In the first scene, Ponyboy, along with Johnny and Two-Bit, walk two girls Cherry and Marcia back to their homes when they are stopped by Socs in a blue mustang. In this scene Ponyboy shows his immaturity by dropping the bottle given to him by Two-Bit. Hinton writes, “I pulled her to one side. ‘I couldn’t use this,’ I said, dropping the pop bottle. ‘I couldn’t ever cut anyone…” I had to tell her [Cherry] that because I’d seen her eyes when Two-Bit flicked out his switch” (47). Ponyboy’s actions reflect an attempt to preserve the image of goodness Cherry sees in Ponyboy and in Johnny. While it is good that Ponyboy remains non-violent, given that this event occurs in the immature phase of the hero, Hinton is showing the audience that it’s bad since he can’t protect himself from danger .Even though he say “I could never cut anyone,” one should see that over time he at least becomes capable of know he could through observing someone as kind and pure like Johnny kill a Soc.

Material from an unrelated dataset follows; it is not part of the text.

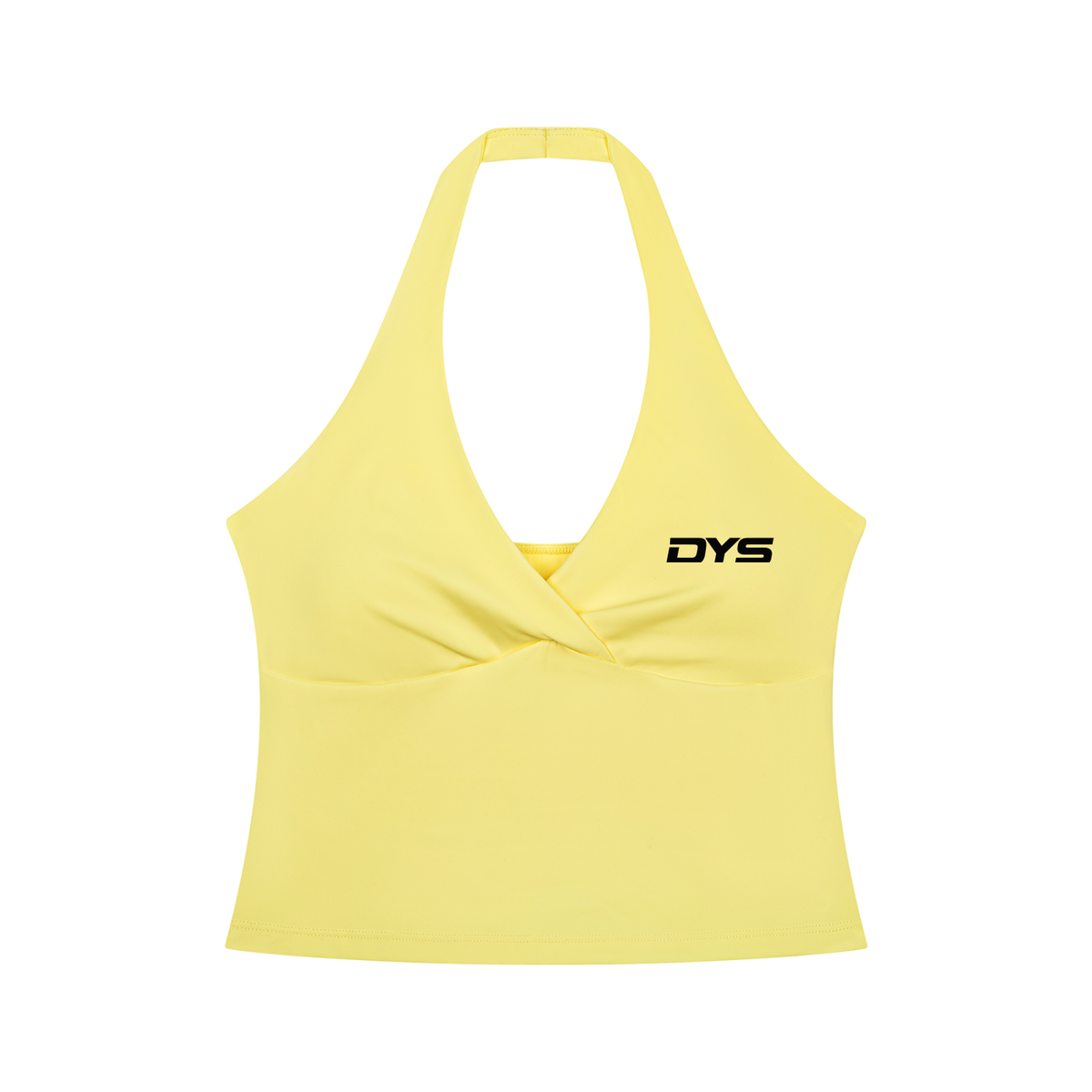 DYS Women's Ruched Halter Yoga Tank Top, Yellow, front view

At a later scene, where Ponyboy is confronted by Socs after Johnny’s death, Ponyboy exhibits a new look on life. In this moment, it is Ponyboy alone fending off Socs and he breaks the bottle rather than receiving it from Two-Bit. Here Ponyboy shows to pull out references to tough people he knew in his life. He says, “I started toward them, holding the bottle the way Tim Shepard holds a switch—out and away from myself, in a loose but firm hold” (171). He also says the phrase “Get smart and nothing can touch you” (171), words taken from his late friend Dally, described as being one in the same as Shepard in the novel. Ponyboy, by making reference from them, see value in who they are as characters. Dally was a character born without a parents love and raised partly on the streets of New York and what Ponyboy derives from Dally is getting stronger than the world can hit you. This kind of toughness is exhibited in the same scene as Ponyboy says, “I didn’t feel anything—scared, mad, or anything. Just zero (171).” Ponyboy learns that toughness is a hard acceptance of your reality, not a perpetuation of an ignorance to one’s conditions.

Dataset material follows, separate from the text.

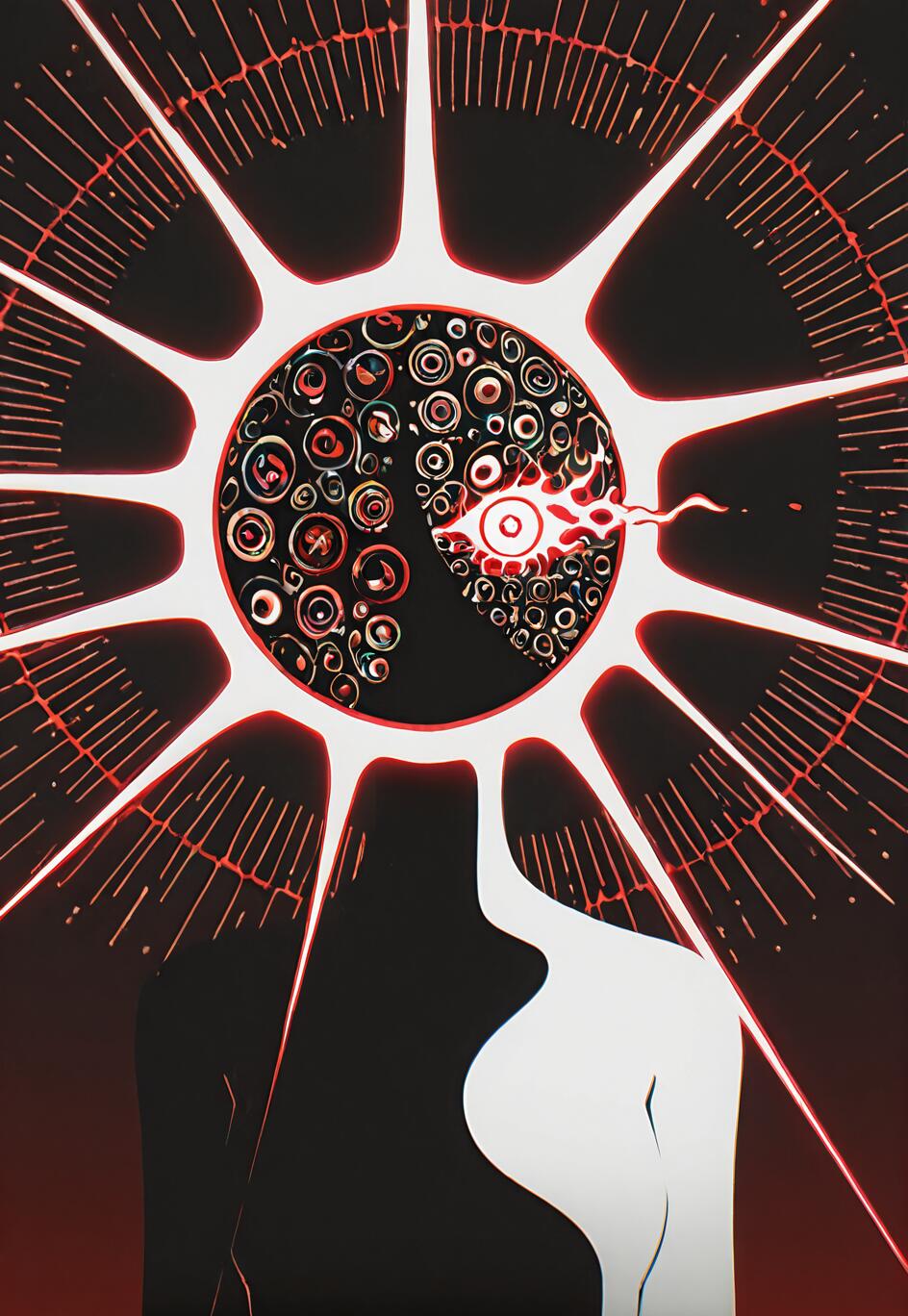 An abstract, high-contrast illustration of a celestial being. A large black circle filled with many smaller eyes forms the head, with a single flaming red eye at its center. This is surrounded by a white halo with black, sun-like rays. Below is the white, minimalist silhouette of a woman's torso against a black and dark red background.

After the Socs back away from Ponyboy, he shows that he hasn’t turned completely into Dally by his action of picking up the broken pieces, saying that he “didn’t want anyone to get a flat tire” (172).  Ponyboy exhibits here the goodness that distinguished him from other greasers as described by Cherry.

From these two scenes, Hinton shows the audience Ponyboy’s transformation and hope. Ponyboy like the pop bottle was broken after being subjected to incredible conflicts, but that experience made him jagged to defend himself without breaking him completely.